I read thousands of social media posts a month, and hundreds of blogposts. Sometimes a post stands out, and needs extra attention. Today I read Heather Plett’s blog post about Holding Space. It struck a chord.
If ever there was the right time to consider the concept of holding space, this is it.
This week I have been called on to hold space. Whether it is just the tone of a message online, or a good bout of listening, my actions, the way I am present, will make a significant impact on the people I mentioned. My oldest friend lost her father after a wonderful long life, and one of my newest friends lost her husband way too soon. Both are managing well in the circumstances. A dear friend safely escaped being held at gunpoint and is working through her trauma in the best way possible. Also in this week I have spoken with a few new clients, all choosing to work through challenges with the support of a mentor or coach.
Heather Plett explains what holding space means to her, in her beautiful blog post ‘What it Really Means to Hold Space for Someone‘:
To truly support people in their own growth, transformation, grief, etc., we can’t do it by taking their power away (ie. trying to fix their problems), shaming them (ie. implying that they should know more than they do), or overwhelming them (ie. giving them more information than they’re ready for). We have to be prepared to step to the side so that they can make their own choices, offer them unconditional love and support, give gentle guidance when it’s needed, and make them feel safe even when they make mistakes.
What does holding space mean for me?
For me it is about being utterly present, without agendas, and without the need to prove anything, as someone battles through their challenges and their emotions. It is not about balancing pure listening with gentle support, and about not projecting how I would respond onto them. Many people refer to it as being the container, and that works for me.
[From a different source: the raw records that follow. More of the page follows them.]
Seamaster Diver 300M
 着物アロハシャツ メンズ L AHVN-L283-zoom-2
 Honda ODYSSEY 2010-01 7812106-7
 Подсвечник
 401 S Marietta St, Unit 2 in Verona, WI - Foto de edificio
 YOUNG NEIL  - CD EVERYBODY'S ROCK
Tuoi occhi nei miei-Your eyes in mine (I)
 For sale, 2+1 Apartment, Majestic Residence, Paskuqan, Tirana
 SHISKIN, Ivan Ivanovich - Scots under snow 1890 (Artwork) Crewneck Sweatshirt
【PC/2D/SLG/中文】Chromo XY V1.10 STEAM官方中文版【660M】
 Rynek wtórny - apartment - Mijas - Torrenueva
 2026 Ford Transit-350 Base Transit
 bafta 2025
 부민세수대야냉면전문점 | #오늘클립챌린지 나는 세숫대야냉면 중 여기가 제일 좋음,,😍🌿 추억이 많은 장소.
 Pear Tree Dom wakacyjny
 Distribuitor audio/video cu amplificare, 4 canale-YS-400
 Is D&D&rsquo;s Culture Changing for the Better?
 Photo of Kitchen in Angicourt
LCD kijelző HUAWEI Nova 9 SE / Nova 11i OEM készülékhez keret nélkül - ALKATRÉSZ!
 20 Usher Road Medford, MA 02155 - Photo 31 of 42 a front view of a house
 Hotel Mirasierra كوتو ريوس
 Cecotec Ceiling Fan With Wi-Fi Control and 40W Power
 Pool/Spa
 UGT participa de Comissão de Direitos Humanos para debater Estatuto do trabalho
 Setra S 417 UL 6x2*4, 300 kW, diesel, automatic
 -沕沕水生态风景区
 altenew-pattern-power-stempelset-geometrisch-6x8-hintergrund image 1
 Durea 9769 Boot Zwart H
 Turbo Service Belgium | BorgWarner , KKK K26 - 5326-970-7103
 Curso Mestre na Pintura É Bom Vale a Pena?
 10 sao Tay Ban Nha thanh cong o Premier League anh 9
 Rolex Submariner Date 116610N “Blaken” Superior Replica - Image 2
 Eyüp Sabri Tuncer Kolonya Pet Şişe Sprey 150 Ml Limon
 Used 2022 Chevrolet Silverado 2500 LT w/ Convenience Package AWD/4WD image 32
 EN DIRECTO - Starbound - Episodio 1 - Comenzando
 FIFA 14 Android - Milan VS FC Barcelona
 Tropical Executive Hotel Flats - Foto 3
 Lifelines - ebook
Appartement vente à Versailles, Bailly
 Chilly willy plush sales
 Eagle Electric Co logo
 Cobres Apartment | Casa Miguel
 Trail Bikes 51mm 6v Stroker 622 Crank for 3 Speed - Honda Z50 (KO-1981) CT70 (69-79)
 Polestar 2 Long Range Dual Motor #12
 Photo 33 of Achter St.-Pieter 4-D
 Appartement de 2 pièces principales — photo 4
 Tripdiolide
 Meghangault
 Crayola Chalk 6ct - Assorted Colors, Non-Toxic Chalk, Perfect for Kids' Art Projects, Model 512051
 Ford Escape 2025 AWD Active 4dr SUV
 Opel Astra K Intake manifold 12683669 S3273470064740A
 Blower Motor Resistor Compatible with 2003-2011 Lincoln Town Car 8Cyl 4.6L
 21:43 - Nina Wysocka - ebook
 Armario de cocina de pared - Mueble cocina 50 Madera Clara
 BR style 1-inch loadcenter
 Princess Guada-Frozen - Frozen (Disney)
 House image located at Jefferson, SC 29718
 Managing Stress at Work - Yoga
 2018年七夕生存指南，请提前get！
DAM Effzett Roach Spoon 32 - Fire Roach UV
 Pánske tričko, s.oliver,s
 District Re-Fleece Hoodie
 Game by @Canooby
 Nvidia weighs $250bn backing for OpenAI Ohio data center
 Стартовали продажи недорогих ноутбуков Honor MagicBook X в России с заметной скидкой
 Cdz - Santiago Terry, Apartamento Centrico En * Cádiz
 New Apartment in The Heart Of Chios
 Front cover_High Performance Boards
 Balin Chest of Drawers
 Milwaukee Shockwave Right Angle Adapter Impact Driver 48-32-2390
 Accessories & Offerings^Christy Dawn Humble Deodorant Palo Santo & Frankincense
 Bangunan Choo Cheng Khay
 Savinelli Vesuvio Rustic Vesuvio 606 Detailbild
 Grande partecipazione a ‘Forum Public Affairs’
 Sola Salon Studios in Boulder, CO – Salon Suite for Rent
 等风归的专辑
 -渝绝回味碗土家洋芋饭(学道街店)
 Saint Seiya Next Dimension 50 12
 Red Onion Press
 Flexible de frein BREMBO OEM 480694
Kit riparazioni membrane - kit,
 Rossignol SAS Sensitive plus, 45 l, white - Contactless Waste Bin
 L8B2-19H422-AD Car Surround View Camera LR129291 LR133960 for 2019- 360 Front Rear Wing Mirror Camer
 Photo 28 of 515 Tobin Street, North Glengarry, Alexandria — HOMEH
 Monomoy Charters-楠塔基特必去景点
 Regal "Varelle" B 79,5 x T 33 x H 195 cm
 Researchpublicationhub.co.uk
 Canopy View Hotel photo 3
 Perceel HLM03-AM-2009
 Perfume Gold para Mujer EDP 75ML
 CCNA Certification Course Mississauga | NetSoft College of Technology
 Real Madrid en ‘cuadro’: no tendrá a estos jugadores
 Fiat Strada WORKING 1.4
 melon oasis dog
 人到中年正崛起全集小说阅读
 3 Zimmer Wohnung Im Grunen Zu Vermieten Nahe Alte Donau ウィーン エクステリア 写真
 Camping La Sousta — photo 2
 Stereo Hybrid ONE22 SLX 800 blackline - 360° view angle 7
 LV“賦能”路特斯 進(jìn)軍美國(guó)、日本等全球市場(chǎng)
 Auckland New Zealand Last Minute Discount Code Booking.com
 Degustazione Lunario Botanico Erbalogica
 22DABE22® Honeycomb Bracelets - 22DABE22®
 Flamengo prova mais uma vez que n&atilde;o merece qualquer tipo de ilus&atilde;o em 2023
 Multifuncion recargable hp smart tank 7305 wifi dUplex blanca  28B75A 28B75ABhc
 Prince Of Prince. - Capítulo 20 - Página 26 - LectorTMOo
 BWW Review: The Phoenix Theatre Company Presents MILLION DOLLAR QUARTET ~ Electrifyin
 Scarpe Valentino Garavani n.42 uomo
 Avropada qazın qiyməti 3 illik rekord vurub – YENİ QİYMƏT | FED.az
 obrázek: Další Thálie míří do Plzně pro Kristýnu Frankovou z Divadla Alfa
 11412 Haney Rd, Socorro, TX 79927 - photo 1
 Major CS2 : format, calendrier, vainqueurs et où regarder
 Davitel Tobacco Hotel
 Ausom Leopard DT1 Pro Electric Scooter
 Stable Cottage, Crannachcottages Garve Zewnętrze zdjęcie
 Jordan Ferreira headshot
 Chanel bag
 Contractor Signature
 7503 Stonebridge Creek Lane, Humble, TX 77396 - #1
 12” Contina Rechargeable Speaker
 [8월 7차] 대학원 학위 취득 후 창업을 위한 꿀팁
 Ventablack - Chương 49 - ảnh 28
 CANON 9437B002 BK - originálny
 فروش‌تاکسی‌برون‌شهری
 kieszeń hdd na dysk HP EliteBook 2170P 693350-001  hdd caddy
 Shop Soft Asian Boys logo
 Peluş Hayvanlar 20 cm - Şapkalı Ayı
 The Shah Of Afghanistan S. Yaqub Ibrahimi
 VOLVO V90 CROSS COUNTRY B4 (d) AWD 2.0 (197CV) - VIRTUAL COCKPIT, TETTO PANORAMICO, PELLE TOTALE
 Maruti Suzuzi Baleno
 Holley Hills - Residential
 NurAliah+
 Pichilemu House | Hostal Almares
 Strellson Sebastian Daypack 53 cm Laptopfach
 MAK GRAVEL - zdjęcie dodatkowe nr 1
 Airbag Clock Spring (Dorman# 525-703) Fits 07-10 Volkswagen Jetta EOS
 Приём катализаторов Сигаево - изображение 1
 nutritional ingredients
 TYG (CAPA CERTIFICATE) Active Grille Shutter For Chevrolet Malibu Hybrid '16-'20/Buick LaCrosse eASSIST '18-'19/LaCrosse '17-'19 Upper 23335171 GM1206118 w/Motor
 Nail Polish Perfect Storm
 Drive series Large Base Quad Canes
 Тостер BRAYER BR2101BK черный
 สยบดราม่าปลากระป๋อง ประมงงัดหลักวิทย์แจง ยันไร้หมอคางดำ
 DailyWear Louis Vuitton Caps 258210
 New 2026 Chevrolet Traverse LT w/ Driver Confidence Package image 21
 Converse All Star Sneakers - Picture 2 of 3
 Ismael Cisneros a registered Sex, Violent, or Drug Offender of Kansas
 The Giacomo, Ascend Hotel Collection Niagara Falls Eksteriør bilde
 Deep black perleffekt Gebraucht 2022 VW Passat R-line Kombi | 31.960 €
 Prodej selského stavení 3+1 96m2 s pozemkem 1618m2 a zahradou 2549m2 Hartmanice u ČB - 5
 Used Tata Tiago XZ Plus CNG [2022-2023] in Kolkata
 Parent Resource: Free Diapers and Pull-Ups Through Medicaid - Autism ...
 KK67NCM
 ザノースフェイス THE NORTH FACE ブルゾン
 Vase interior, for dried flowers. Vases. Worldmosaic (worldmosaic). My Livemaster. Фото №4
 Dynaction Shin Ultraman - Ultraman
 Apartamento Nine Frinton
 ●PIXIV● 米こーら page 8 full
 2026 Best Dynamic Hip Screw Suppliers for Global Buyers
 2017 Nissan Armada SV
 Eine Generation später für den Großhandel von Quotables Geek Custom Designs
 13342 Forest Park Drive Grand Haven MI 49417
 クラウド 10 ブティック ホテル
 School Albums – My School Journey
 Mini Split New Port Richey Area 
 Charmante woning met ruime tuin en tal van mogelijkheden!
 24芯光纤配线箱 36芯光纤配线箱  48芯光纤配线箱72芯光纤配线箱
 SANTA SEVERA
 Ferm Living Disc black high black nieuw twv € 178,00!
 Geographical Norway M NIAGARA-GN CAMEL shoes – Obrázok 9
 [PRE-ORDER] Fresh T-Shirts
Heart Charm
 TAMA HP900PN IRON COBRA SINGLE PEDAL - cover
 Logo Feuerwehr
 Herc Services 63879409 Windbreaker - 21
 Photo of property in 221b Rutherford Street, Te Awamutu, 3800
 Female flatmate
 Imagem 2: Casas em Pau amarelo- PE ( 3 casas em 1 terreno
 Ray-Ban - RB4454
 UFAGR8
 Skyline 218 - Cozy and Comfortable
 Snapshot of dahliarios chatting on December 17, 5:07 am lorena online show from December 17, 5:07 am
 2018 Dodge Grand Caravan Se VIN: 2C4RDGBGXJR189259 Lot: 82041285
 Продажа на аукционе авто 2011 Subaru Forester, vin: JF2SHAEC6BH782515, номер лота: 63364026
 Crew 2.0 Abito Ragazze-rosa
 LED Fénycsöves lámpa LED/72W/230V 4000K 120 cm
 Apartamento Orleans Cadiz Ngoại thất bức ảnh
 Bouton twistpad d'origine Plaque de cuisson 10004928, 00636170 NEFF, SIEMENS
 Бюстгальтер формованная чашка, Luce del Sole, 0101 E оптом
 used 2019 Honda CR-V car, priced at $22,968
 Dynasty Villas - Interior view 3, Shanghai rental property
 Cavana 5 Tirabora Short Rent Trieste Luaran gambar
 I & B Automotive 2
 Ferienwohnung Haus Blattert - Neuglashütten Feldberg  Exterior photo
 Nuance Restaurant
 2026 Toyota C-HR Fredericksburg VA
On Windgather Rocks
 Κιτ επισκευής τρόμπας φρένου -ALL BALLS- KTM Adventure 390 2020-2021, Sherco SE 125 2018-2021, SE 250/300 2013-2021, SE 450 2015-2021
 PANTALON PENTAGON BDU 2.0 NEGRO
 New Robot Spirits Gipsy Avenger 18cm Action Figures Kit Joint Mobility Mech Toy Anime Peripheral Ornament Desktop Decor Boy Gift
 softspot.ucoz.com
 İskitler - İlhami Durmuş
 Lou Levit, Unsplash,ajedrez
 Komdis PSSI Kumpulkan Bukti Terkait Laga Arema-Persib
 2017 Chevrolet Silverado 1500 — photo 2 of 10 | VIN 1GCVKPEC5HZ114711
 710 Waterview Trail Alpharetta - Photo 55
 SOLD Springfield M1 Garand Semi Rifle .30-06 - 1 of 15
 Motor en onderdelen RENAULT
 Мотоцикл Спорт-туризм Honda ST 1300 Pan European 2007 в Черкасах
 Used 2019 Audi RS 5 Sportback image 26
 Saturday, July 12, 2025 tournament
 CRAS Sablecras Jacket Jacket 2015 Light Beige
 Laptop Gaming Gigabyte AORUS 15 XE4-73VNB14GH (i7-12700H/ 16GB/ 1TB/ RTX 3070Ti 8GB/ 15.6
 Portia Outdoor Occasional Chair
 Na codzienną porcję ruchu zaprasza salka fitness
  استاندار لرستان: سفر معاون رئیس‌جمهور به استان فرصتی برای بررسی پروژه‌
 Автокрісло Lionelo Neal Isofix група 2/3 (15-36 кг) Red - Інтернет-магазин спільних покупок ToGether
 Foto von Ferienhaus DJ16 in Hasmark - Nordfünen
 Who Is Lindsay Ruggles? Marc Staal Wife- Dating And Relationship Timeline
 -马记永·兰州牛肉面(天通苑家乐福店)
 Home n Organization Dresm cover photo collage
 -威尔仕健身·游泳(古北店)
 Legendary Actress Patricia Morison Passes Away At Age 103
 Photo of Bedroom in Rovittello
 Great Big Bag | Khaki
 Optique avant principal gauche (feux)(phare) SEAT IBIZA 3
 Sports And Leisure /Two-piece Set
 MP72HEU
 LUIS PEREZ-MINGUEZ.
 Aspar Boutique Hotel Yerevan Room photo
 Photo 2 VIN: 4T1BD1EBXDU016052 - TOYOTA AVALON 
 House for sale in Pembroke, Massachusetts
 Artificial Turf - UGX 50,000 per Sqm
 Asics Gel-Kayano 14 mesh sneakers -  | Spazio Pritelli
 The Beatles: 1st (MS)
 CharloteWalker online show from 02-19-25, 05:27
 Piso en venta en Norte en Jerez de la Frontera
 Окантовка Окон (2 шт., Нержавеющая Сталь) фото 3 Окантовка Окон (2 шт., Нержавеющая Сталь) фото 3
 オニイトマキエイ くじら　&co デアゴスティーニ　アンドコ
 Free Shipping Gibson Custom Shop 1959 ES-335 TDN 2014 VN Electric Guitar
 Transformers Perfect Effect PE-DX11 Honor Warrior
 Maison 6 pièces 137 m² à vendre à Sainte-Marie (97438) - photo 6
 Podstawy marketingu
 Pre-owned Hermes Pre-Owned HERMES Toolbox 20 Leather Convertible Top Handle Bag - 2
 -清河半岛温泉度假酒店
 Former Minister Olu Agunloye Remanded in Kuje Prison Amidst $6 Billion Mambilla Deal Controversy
In my book, The Mentor Within, I talk about helping people to quieten their monster within so they can really heard their inner wisdom and reconnect with their Mentor Within. While they will, at times, ask for someone to be their external mentor or coach, they will learn over time to trust their own deep sense of what is right for them and those around them. Or if they have learnt this before, as many people have, they will be reminded about how to listen to themselves.
Whether I am with a friend in grief, a colleague battling difficult clients, or a client who has engaged me to hold space professionally, I can feel whether I am being the container as they reach for their inner wisdom, or whether I am trying to fix their problems for them, making myself indispensable and therefore overly powerful. It is tempting to be the rescuer, but it is not usually worth the lack of traction that comes with taking this role.
Instead it is worth making magic together, creating the space for great decisions and powerful action.
Take the time to consider how you hold space for others, and perhaps even more importantly, how you hold space for yourself.